These training sessions will help you learn about two of the biggest current digital rights issues. And we'll help you practice how to discuss them with your MP. The training will last for around four hours. First we will give you
a good background briefing on the issues and an overview of the campaigns. Then we will do some practical training on how to speak to your MP, and cover other campaigning ideas too. We'll be covering two big topics:
The Snoopers' Charter - aka the Communications Data Bill - was announced in the Queen's speech and is about to be published by the government. The bill will create new powers to intercept and collect information
about who you talk to online. Your communications via Google, Facebook or Skype will now be open to what may be a large number of government officials. We want to see the powers to collect and access communications data tightened up, not extended ever
further.
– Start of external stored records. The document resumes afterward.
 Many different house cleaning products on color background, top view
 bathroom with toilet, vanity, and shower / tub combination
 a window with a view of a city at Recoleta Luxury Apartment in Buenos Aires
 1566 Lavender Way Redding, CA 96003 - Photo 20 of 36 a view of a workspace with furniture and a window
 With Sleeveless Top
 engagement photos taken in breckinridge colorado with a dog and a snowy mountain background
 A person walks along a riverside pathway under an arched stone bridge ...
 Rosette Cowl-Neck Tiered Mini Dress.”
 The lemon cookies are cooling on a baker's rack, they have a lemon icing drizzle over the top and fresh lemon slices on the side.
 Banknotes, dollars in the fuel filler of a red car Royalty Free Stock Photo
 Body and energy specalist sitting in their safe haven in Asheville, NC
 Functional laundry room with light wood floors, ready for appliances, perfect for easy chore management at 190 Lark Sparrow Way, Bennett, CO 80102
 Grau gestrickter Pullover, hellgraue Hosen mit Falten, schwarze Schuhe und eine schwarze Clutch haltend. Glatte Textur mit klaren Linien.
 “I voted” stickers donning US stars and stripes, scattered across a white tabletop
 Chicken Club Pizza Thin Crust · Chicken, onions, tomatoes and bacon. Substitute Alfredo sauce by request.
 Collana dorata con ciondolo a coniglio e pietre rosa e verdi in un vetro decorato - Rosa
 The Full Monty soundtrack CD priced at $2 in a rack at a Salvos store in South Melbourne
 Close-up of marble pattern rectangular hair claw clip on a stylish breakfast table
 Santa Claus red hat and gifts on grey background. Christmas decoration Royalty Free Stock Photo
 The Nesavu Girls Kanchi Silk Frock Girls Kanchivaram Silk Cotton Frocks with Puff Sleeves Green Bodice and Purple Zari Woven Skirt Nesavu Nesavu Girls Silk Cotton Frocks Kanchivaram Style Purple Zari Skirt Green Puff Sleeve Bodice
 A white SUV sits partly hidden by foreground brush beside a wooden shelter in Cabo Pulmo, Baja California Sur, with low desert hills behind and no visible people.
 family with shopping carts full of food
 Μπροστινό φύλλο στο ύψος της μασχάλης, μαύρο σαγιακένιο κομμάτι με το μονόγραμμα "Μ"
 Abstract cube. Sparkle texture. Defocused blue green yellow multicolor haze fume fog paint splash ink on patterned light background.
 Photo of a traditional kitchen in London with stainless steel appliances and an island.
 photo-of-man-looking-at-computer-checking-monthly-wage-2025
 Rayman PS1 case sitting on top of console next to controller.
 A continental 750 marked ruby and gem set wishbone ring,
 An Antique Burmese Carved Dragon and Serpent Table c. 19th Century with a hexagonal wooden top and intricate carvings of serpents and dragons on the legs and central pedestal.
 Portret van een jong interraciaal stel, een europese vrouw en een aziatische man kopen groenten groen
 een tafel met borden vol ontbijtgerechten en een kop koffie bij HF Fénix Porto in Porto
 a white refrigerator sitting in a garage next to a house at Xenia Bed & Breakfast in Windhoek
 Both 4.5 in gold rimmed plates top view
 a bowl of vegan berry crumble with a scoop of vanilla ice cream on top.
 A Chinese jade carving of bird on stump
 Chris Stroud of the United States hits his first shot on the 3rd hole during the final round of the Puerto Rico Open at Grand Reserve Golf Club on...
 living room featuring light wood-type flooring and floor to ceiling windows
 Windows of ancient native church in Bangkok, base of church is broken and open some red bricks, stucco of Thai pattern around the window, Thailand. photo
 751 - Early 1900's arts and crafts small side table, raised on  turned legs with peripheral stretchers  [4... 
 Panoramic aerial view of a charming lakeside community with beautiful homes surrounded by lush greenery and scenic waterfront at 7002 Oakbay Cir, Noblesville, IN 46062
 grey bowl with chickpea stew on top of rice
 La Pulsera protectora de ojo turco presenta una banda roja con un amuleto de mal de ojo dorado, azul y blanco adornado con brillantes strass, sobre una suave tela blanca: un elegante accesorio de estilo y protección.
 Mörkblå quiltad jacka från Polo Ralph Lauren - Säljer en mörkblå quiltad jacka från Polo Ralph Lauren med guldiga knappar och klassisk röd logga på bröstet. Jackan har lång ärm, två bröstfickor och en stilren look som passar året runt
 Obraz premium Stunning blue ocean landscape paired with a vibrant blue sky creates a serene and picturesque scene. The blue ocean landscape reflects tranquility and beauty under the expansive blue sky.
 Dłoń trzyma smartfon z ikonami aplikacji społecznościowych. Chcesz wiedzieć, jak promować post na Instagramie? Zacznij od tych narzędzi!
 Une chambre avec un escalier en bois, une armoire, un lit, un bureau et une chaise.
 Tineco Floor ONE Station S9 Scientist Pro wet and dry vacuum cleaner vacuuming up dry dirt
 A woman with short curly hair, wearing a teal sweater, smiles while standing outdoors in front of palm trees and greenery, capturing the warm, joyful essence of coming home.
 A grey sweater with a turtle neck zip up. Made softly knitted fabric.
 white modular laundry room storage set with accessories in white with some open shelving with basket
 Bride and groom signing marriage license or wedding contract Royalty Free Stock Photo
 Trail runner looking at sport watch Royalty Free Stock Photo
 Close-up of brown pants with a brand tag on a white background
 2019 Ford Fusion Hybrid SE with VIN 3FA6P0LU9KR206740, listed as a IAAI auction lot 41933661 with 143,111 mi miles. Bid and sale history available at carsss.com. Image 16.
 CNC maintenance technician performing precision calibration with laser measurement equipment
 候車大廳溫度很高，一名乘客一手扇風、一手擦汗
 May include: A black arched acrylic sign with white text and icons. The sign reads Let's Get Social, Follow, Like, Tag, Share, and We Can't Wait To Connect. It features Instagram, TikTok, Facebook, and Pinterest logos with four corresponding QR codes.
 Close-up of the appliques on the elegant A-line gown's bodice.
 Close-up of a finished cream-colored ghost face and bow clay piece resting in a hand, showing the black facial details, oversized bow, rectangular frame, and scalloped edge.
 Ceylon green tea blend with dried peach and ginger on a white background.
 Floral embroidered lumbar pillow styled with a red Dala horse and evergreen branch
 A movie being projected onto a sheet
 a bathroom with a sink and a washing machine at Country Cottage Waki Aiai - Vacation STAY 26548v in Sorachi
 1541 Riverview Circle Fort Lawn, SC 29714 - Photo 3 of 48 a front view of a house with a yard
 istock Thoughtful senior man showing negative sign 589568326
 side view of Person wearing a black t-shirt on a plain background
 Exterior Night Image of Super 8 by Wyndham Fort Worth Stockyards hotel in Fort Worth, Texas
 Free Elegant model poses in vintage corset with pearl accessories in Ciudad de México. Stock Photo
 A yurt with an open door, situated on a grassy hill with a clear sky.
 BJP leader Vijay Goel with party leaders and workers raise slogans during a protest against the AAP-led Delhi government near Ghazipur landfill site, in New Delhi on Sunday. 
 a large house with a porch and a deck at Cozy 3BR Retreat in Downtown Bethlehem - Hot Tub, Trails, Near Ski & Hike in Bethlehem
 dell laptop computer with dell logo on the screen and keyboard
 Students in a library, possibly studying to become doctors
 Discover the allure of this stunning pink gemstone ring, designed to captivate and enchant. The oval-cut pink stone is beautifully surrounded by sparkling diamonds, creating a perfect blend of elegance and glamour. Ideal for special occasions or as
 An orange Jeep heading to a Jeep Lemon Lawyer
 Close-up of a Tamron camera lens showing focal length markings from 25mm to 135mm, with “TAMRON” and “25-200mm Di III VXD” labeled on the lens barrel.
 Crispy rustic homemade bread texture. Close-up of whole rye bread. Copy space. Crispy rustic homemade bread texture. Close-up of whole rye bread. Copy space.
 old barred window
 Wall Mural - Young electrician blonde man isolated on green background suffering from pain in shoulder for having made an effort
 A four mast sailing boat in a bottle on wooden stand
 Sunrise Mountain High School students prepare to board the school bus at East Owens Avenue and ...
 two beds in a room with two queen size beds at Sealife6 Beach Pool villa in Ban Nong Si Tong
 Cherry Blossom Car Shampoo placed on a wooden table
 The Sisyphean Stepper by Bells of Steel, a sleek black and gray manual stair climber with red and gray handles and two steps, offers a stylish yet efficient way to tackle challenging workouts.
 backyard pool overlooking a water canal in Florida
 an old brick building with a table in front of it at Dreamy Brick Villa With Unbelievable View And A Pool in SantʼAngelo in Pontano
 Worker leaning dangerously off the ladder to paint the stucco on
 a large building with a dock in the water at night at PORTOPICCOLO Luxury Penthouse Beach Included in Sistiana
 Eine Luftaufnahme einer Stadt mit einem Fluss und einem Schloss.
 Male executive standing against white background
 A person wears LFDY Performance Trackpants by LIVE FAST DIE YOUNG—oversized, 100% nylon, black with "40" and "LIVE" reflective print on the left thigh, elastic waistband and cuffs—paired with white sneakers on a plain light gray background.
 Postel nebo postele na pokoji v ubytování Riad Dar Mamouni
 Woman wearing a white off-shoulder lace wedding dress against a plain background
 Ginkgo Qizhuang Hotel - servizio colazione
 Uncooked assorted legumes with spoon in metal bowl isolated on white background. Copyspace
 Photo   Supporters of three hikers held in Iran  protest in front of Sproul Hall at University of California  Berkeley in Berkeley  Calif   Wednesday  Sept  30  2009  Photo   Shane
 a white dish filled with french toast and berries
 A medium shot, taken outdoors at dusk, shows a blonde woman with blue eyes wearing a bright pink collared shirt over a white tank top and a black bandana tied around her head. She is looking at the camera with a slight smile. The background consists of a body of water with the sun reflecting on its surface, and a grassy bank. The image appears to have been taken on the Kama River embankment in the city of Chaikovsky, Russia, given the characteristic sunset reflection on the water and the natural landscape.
Internet censorship . The government is considering whether Internet Service Providers should have to block websites that contain adult content by default, with an opt out for uncensored
access. That would mean an infrastructure of censorship that could, through mistakes, abuse or mission creep, lead to more and more content being blocked for people in the UK. Our research on mobile Internet censorship recently showed how often the wrong
websites can be filtered, for example. We want to prevent this further move towards private policing of the internet and free speech, and recommend better ways to help parents manage their children's Internet access.
You can help stop these proposals. And we are here to help you! You don't need any previous knowledge of the issues or experience talking with your MP. Please join us. And tell your friends!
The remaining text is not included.